*What this task involves*: When the line with "Volkswagen Passat full" appears below, start repeating lines exactly, and keep going through the line with "Image of John Deere 3032E equipment image 1"; add nothing outside that span.

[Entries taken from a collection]
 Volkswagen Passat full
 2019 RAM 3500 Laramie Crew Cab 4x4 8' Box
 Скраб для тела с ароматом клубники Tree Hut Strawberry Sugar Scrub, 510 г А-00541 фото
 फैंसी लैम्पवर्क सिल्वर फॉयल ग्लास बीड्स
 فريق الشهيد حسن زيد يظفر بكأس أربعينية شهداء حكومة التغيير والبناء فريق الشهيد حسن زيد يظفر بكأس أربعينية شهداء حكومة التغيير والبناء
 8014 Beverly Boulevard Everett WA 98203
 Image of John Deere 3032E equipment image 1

--

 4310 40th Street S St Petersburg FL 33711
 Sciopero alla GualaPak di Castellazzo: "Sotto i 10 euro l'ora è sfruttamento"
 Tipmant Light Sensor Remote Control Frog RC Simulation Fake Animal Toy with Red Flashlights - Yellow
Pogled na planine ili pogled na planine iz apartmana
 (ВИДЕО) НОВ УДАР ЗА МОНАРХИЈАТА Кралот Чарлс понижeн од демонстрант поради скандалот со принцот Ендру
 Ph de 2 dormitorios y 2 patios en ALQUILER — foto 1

*Exercise output*:
 Volkswagen Passat full
 2019 RAM 3500 Laramie Crew Cab 4x4 8' Box
 Скраб для тела с ароматом клубники Tree Hut Strawberry Sugar Scrub, 510 г А-00541 фото
 फैंसी लैम्पवर्क सिल्वर फॉयल ग्लास बीड्स
 فريق الشهيد حسن زيد يظفر بكأس أربعينية شهداء حكومة التغيير والبناء فريق الشهيد حسن زيد يظفر بكأس أربعينية شهداء حكومة التغيير والبناء
 8014 Beverly Boulevard Everett WA 98203
 Image of John Deere 3032E equipment image 1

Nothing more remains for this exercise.